Thanks for reading! You can find the code in a GitHub repository which I'll update if/when we get around to modeling more complex GCs.

Wednesday, March 18, 2015

html5ever project update: one year!

I started the html5ever project just a bit over one year ago. We adopted the current name last July.

<kmc> maybe the whole project needs a better name, idk
<Ms2ger> htmlparser, perhaps
<jdm> tagsoup
<Ms2ger> UglySoup
<Ms2ger> Since BeautifulSoup is already taken
<jdm> html5ever
<Ms2ger> No
<jdm> you just hate good ideas
<pcwalton> kmc: if you don't call it html5ever that will be a massive missed opportunity

By that point we already had a few contributors. Now we have 469 commits from 18 people, which is just amazing. Thank you to everyone who helped with the project. Over the past year we've upgraded Rust almost 50 times; I'm extremely grateful to the community members who had a turn at this Sisyphean task.

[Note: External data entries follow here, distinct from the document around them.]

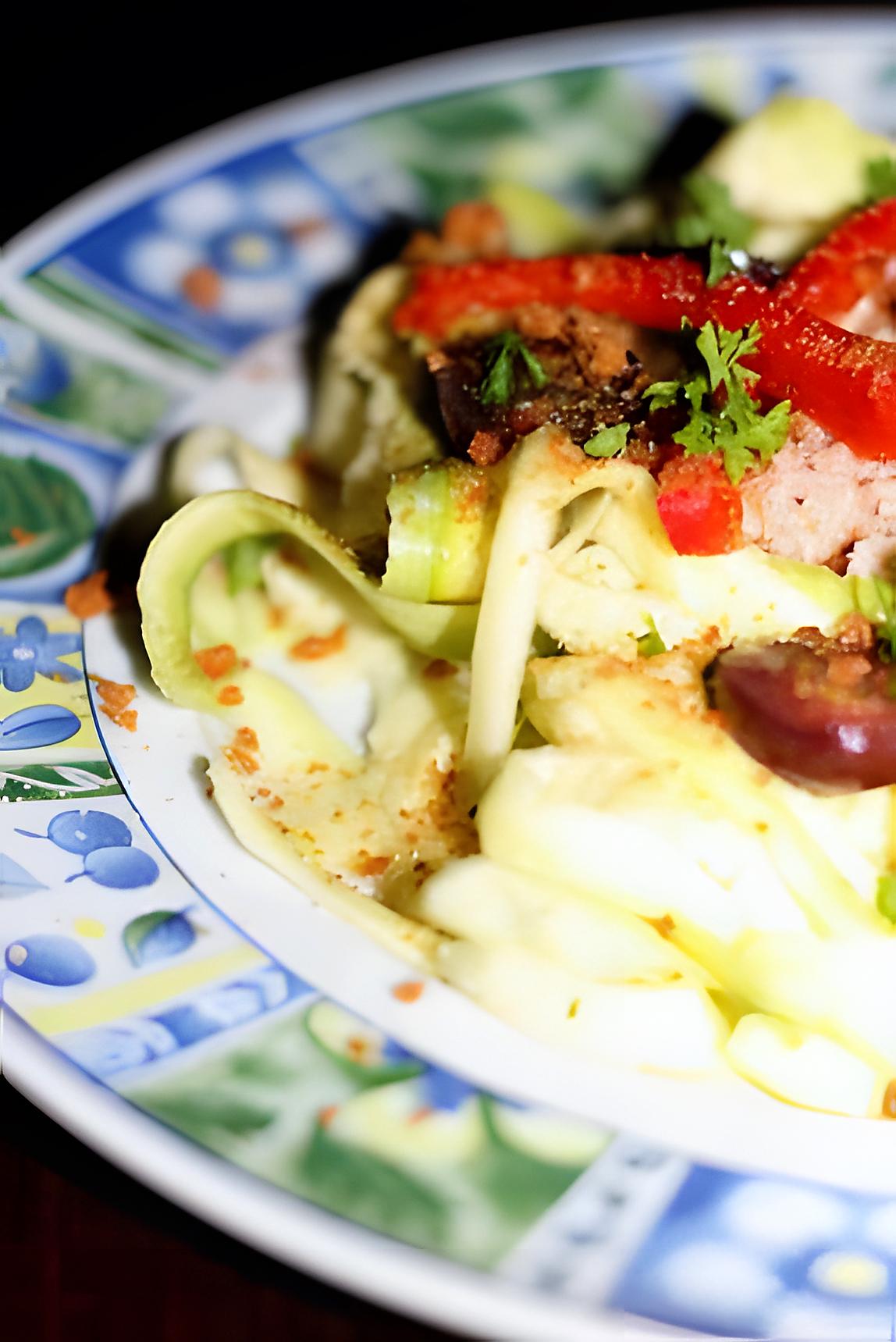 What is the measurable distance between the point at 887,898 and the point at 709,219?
1.98m

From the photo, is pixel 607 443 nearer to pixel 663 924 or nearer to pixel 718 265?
pixel 718 265

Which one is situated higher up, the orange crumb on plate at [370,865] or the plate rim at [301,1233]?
the plate rim at [301,1233]

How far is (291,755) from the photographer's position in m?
3.12

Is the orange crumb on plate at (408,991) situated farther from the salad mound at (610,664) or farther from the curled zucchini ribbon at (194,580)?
the curled zucchini ribbon at (194,580)

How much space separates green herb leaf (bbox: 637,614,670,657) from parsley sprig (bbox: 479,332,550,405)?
577 mm

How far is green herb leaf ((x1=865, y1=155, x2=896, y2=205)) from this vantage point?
151 inches

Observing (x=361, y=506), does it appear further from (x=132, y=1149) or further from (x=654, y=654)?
(x=132, y=1149)

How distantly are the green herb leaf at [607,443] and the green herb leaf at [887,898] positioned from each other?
3.24 feet

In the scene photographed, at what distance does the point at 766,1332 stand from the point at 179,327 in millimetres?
3077

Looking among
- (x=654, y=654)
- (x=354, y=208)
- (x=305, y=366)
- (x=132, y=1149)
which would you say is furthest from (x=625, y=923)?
(x=354, y=208)

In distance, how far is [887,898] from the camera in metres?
2.67

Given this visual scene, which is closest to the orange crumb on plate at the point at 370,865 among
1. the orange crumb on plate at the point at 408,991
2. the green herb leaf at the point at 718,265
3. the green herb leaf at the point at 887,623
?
the orange crumb on plate at the point at 408,991

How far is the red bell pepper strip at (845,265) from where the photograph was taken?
332 cm

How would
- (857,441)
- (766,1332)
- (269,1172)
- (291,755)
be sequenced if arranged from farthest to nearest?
(291,755), (857,441), (269,1172), (766,1332)
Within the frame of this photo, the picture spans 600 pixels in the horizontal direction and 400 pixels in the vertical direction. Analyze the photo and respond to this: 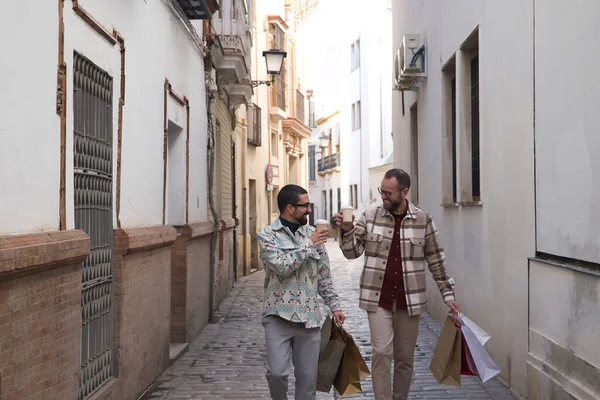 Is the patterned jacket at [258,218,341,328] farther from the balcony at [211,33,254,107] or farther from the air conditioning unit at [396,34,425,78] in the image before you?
the balcony at [211,33,254,107]

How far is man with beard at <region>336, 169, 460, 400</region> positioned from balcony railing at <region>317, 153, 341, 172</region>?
1715 inches

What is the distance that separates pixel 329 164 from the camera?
173 ft

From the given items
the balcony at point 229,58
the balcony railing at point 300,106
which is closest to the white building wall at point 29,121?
the balcony at point 229,58

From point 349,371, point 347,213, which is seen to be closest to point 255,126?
point 347,213

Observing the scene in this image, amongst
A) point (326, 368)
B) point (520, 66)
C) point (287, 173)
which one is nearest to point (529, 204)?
point (520, 66)

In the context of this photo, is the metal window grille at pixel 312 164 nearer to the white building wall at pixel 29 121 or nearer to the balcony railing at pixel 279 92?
the balcony railing at pixel 279 92

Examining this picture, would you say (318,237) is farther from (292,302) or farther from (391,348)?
(391,348)

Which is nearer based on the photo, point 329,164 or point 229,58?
point 229,58

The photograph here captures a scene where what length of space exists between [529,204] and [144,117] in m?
3.59

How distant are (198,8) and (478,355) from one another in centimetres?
603

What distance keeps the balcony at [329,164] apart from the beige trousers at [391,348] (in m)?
43.1

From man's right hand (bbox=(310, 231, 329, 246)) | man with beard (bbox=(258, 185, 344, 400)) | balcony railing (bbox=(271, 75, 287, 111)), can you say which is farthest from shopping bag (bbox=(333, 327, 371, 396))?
balcony railing (bbox=(271, 75, 287, 111))

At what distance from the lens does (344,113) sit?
45469 millimetres

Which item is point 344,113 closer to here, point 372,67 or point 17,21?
point 372,67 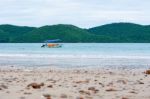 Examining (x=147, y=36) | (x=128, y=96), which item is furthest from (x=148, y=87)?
(x=147, y=36)

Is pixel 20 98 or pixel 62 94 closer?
pixel 20 98

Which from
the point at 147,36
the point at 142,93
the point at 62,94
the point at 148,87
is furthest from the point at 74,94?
the point at 147,36

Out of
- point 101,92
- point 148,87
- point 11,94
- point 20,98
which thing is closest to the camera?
point 20,98

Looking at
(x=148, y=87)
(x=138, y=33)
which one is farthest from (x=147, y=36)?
(x=148, y=87)

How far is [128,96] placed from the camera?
945 centimetres

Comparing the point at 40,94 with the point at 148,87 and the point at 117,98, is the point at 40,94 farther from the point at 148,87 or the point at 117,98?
the point at 148,87

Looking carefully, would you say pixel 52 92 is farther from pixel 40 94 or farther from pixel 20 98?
pixel 20 98

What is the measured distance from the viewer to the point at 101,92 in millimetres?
10141

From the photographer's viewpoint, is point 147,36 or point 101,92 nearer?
point 101,92

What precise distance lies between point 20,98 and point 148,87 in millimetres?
3958

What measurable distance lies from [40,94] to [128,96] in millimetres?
1890

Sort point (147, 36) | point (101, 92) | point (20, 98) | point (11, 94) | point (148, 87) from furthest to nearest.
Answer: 1. point (147, 36)
2. point (148, 87)
3. point (101, 92)
4. point (11, 94)
5. point (20, 98)

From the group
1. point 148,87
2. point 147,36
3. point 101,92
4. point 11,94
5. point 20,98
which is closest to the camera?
point 20,98

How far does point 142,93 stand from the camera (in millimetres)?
10062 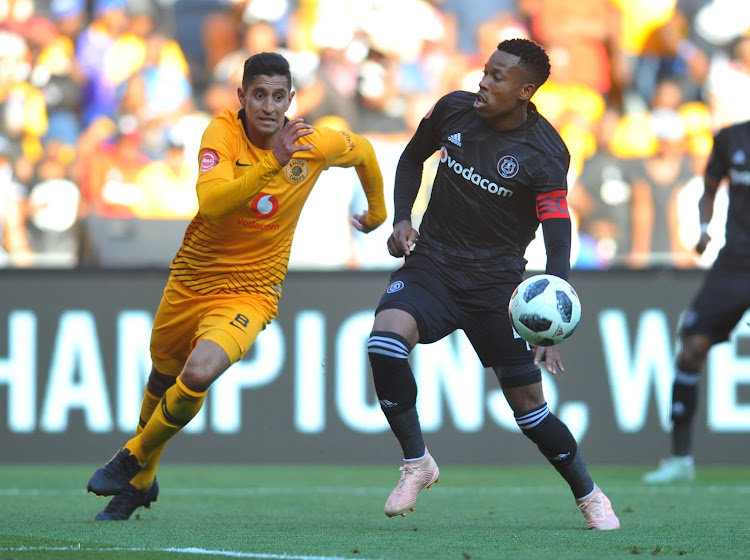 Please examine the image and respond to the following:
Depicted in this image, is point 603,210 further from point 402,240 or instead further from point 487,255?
point 402,240

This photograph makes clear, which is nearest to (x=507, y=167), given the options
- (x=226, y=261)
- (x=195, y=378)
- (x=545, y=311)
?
(x=545, y=311)

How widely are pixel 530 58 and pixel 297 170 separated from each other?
1.26m

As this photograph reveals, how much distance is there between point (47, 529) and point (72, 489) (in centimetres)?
246

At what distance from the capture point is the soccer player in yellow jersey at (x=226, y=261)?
215 inches

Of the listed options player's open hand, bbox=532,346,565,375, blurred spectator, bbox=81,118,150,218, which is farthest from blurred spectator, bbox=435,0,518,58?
player's open hand, bbox=532,346,565,375

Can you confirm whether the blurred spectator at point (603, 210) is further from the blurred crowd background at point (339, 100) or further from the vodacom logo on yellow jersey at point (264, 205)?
the vodacom logo on yellow jersey at point (264, 205)

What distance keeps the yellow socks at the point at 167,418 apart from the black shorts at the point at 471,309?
3.07 feet

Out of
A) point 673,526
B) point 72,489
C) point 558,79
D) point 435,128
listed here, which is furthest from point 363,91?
point 673,526

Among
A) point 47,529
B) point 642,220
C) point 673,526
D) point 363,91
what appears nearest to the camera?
point 47,529

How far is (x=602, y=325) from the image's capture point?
9.80 m

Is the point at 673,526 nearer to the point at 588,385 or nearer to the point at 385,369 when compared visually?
the point at 385,369

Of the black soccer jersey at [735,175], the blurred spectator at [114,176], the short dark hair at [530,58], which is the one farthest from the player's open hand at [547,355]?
the blurred spectator at [114,176]

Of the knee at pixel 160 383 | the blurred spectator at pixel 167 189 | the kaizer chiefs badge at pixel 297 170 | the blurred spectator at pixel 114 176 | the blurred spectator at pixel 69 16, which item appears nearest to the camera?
the kaizer chiefs badge at pixel 297 170

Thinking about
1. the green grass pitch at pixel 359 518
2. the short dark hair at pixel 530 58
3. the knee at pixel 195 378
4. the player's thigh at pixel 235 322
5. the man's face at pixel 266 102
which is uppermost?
the short dark hair at pixel 530 58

Several people have also contributed major enhancements. For example:

  • Clark Gaebel implemented zero-copy parsing. I'm in the process of reviewing this code and will be landing pieces of it in the next few weeks.

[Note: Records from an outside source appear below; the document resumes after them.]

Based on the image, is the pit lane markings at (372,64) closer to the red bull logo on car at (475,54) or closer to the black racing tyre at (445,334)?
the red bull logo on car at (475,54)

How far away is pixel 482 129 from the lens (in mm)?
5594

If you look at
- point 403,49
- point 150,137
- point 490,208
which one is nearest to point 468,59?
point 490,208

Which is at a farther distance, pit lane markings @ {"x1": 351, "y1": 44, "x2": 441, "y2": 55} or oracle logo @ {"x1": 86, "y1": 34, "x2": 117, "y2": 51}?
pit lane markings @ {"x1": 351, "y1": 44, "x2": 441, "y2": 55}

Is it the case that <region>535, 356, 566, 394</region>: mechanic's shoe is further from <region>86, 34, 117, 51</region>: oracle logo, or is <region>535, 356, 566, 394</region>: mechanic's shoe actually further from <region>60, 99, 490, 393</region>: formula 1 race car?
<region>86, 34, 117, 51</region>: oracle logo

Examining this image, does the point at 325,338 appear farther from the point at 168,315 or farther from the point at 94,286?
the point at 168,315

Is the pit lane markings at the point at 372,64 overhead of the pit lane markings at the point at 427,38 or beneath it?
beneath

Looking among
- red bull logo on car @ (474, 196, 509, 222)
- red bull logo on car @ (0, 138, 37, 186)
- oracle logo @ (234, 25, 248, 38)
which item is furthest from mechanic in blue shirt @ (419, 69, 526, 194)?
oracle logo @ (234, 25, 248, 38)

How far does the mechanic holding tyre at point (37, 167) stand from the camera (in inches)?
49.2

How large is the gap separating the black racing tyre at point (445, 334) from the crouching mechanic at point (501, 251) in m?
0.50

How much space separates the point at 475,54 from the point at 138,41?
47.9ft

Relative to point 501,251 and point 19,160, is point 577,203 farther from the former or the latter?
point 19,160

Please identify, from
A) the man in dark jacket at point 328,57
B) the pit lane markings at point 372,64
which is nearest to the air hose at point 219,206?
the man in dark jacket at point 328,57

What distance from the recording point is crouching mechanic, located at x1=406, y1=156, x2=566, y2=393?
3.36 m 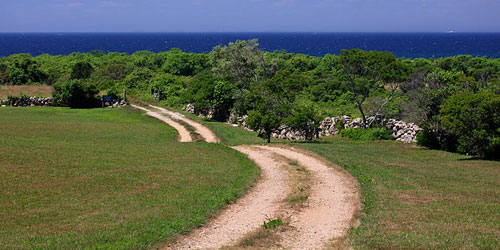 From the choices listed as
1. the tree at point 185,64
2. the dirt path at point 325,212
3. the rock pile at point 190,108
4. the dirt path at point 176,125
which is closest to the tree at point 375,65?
the dirt path at point 176,125

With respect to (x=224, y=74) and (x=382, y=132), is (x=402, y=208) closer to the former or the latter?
(x=382, y=132)

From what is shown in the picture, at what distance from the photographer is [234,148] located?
29.9 m

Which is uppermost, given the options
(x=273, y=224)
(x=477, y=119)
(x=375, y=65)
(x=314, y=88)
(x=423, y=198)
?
(x=375, y=65)

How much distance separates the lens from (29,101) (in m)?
57.4

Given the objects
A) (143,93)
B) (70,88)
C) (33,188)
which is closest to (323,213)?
(33,188)

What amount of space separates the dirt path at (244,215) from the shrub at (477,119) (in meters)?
11.4

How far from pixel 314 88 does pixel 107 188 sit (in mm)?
46002

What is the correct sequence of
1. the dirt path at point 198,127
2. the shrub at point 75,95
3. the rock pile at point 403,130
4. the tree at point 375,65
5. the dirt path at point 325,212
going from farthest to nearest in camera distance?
the shrub at point 75,95
the tree at point 375,65
the rock pile at point 403,130
the dirt path at point 198,127
the dirt path at point 325,212

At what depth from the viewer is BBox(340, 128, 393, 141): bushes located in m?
37.0

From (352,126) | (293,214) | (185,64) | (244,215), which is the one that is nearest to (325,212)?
(293,214)

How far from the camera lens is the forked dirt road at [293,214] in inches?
520

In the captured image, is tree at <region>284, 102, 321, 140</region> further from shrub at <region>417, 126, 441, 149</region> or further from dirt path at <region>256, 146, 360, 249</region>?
dirt path at <region>256, 146, 360, 249</region>

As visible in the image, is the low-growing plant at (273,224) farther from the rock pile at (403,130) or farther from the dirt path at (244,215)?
the rock pile at (403,130)

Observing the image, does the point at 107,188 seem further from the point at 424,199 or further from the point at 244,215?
the point at 424,199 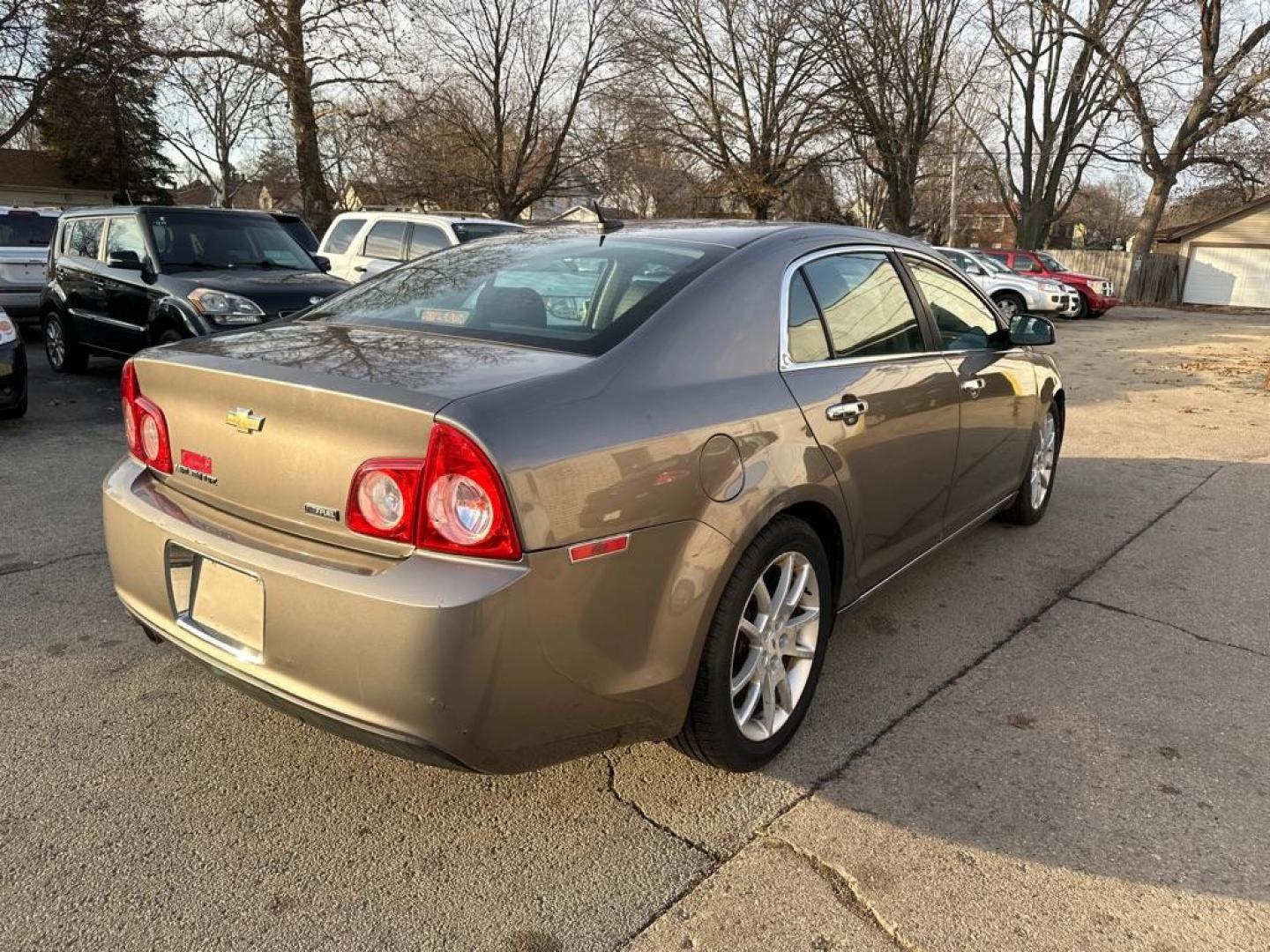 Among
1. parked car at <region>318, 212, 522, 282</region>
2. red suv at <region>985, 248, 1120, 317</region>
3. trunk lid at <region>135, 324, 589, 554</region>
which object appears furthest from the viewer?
red suv at <region>985, 248, 1120, 317</region>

  • Josh Matthews made it possible to suspend and resume parsing from the tree sink. Servo needs this to do async resource fetching for external <script>s of the old-school (non-async/defer) variety.

  • Chris Paris implemented fragment parsing and improved serialization. This means Servo can use html5ever not only for parsing whole documents, but also for the innerHTML/outerHTML getters and setters within the DOM.

  • Adam Roben brought us dramatically closer to spec conformance. Aside from foreign (XML) content and <template>, we pass 99.6% of the html5lib tokenizer and tree builder tests! Adam also improved the build and test infrastructure in a number of ways.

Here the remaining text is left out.